O ditado “entre marido e mulher não se mete a colher” parece começar a ser ultrapassado pela sociedade portuguesa. Hoje em dia, família, amigos ou vizinhos mobilizam-se para enfrentar o problema que se vive em muitas casas.

Na década de 90, em Portugal, de acordo com um estudo mencionado pela vice-presidente da União de Mulheres Alternativa e Resposta (UMAR), Maria José Magalhães, “uma em cada três mulheres era ou tinha sido vítima de violência doméstica”. A activista considera estes números “uma realidade atroz”.

Números da violência doméstica em 2007

– 21.907 vítimas procuraram ajuda na GNR e PSP;
– 14.534 queixas de violência doméstica registadas na APAV;
– 21 mulheres assassinadas e 57 tentativas de homicídio (UMAR)
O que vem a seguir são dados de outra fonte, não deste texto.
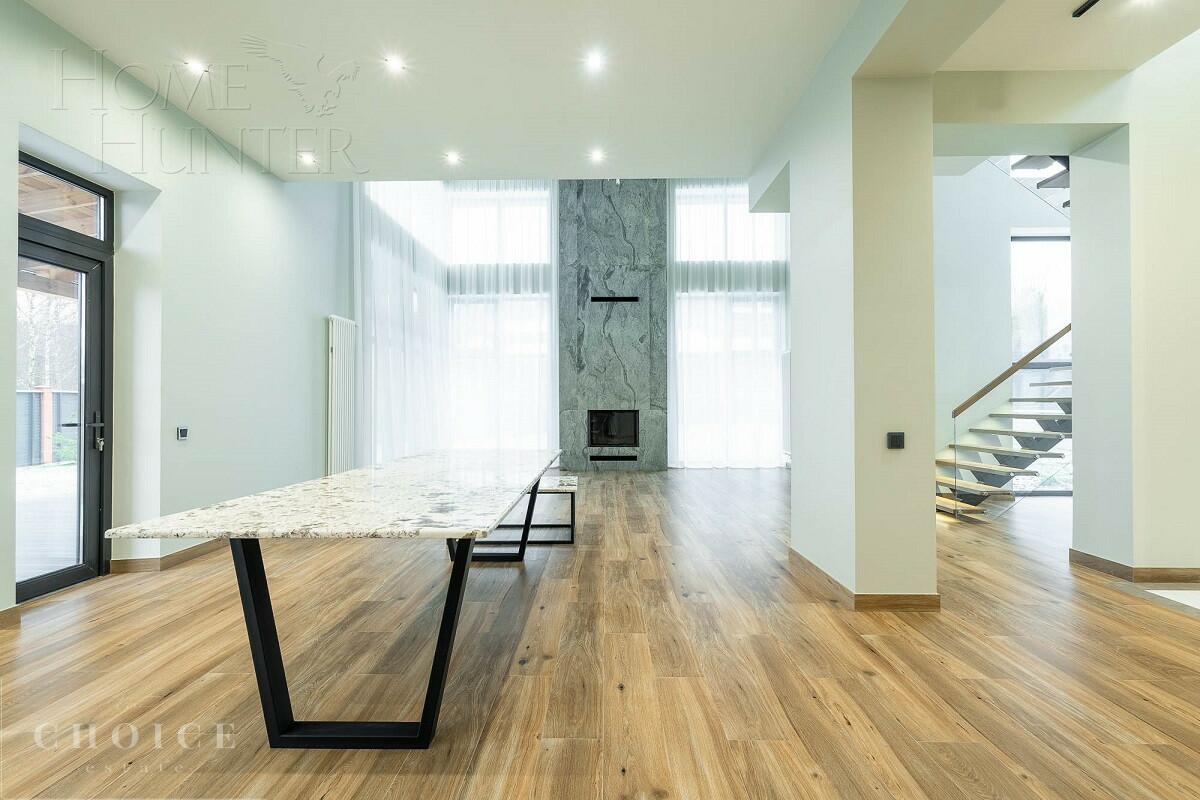 2-этажный коттедж 290 м² с отделкой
Maria José Magalhães refere que, apesar da evolução dos últimos anos, a lei actualmente “favorece os agressores”. Segundo a vice-presidente da organização, a revisão do código penal, nomeadamente o fim da prisão preventiva, faz com que as vítimas percam a “confiança de que podem e devem denunciar”.

Para a responsável da UMAR, é “incongruente” pedir às vítimas para denunciarem os seus casos, quando o que “as autoridades fazem é somente chamar a atenção do agressor”. A vítima continua exposta à violência e “a única alternativa que lhe resta é fugir”. Maria José Magalhães considera “ridículo” o facto de terem que ser as vítimas a abandonar a casa, classificando essa situação de “revitimização”.
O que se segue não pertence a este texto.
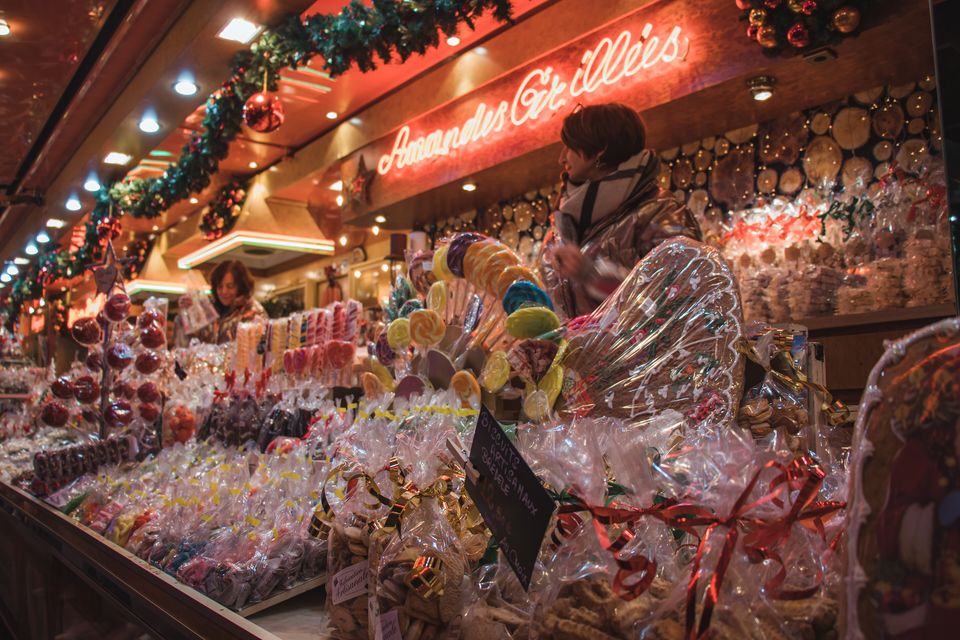 Bancarella di dolci al mercatino di Natale di Strasburgo, con lecca-lecca e biscotti confezionati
“Um agressor é sempre um agressor”

Nos estudos desenvolvidos ao longo dos anos, não existe um perfil traçado nem de agressor nem de vítima. São de todas as idades e atingem qualquer estrato económico-social. No entanto, de acordo com palavras da activista, os agressores apresentam comportamentos semelhantes. “Eles acham-se donos delas porque escolheram aquela mulher, seduziram-na e elas têm que fazer o que eles querem”, revela. “A mulher é encarada como um objecto de desejo, um objecto de posse”, acrescenta Maria José Magalhães.
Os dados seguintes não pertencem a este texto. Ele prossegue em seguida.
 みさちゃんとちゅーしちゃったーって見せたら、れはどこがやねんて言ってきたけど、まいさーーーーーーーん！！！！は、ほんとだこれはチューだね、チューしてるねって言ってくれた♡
A responsável da UMAR realça que, depois da violência, vem a “chantagem emocional”. Ao “não sei viver sem ti” ou “ninguém te amará tanto como eu”, segue-se a ameaça do “se não és para mim não és para mais ninguém”, exemplifica.

“Um agressor é sempre um agressor. Eles batem, humilham, prendem, fecham à chave, tiram dinheiro, violam”, sublinha a vice-presidente. A vulnerabilidade da vítima perante o agressor deve-se sobretudo ao facto de as mulheres quererem ser perfeitas e, como não o são, “passam a vida a culpabilizar-se”, explica a responsável.

As consequências da violência doméstica afectam mulheres em todo o mundo, independentemente das diferenças culturais, religiosas ou sociais. A longo prazo, uma vítima de violência doméstica pode ter perturbações a nível cognitivo, de concentração e de memória. É o denominado “Síndrome da Mulher Abusada”. “Estas vítimas levarão anos a encontrar o seu equilíbrio e a encontrar-se a si próprias”, conclui Maria José Magalhães.